MNAME not a listed NS record

Chris Buxton clists at buxtonfamily.us
Fri Jan 18 17:35:51 UTC 2013


On Jan 16, 2013, at 1:01 PM, Chuck Swiger wrote:
> On Jan 16, 2013, at 12:40 PM, Dave Warren wrote:
>> Is there anything technically wrong with having a SOA MNAME field that isn't listed as a NS record?
> 
> Sure.  The SOA MNAME is expected to be the "primary master" nameserver for the zone; it's where things like dhcpd and such send dynamic updates for the zone to.

No, not necessarily, not if there's no NS record for it.

RFC 2136 says says that the server "as given by the SOA MNAME field if matched by some NS NSDNAME" should be the preferred target of a dynamic update. That is, if the master server (as indicated by the SOA record) is not listed in an NS record as an authoritative name server, it need not be considered. However, the RFC is a bit vague on how a requestor determines (and orders) the list of authoritative name servers for a zone, and so...

- ISC DHCP sends DDNS updates to the SOA MNAME server if and only if that server is also listed in an NS record.
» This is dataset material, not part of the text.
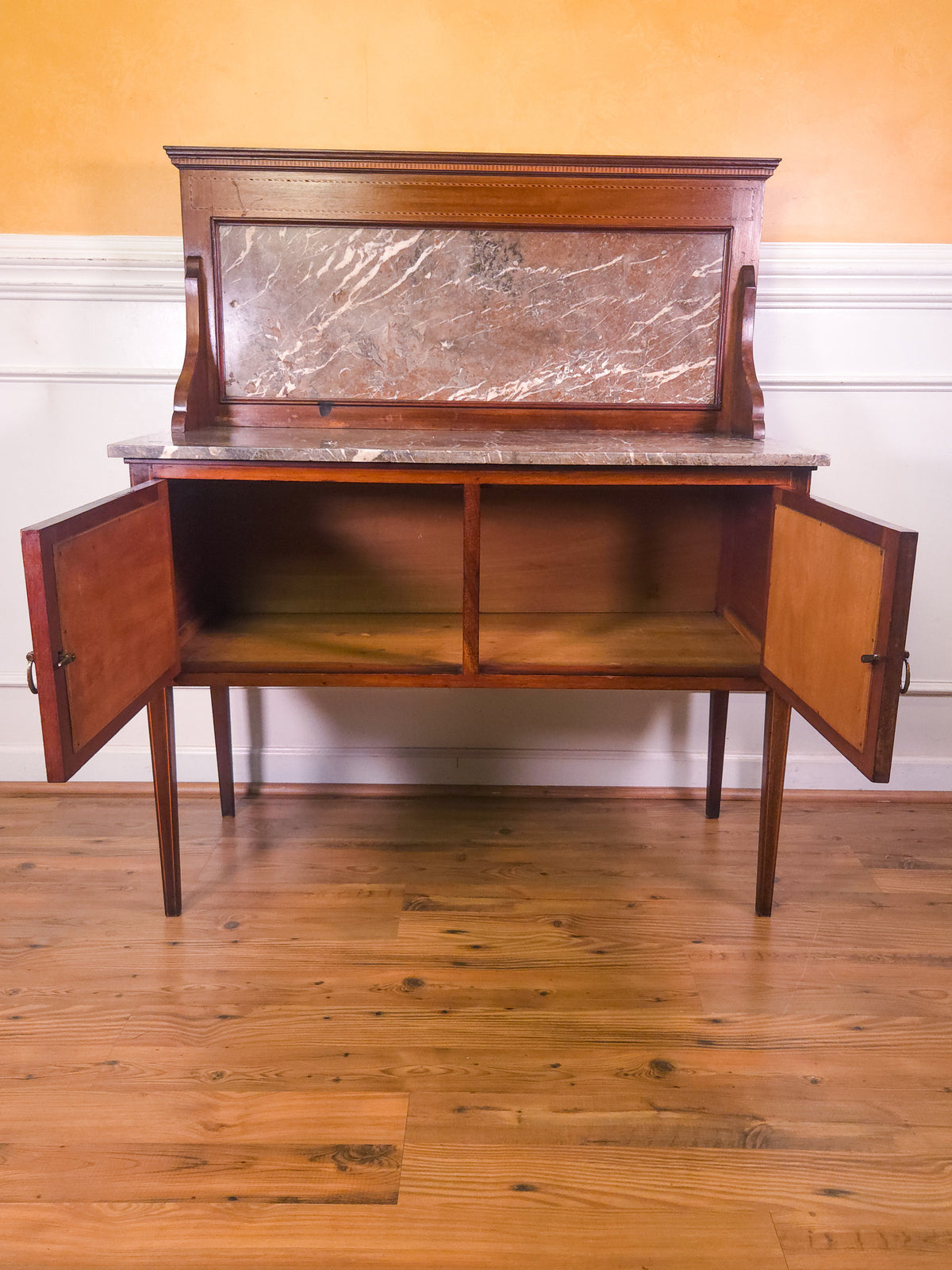 Antique English Inlaid Mahogany, Marble Top and Back, Washstand c.1900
Otherwise, it picks a name from the available NS records and sends the update there. This behavior can be overridden by a zone statement in dhcpd.conf.
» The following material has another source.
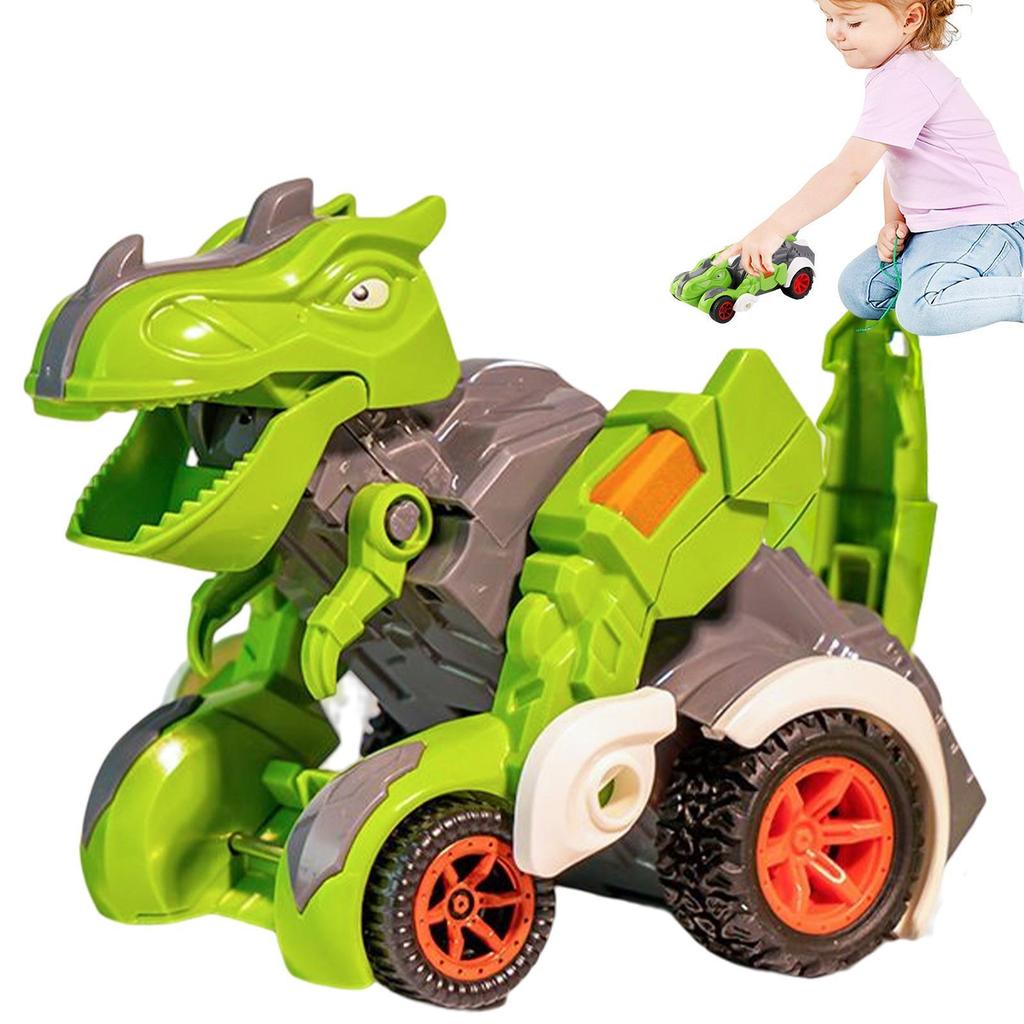 Pull Back Car Toy|Dinosaur Shape Transforming Vehicle Playsets|Friction Driving Dinosaur Carrier Ve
- Microsoft clients send DDNS updates to various places, and will typically try multiple targets if the update is denied. I believe the order is the first configured caching resolver, the zone's MNAME field, and then any one of the servers listed in the NS RRSet. I believe the client will try three times, assuming these three cases are all different. (I'm not counting potential retries to the same target to attempt use of GSS-TSIG.)

I believe nsupdate behaves the same as dhcpd, but it's been a while since I last tested this.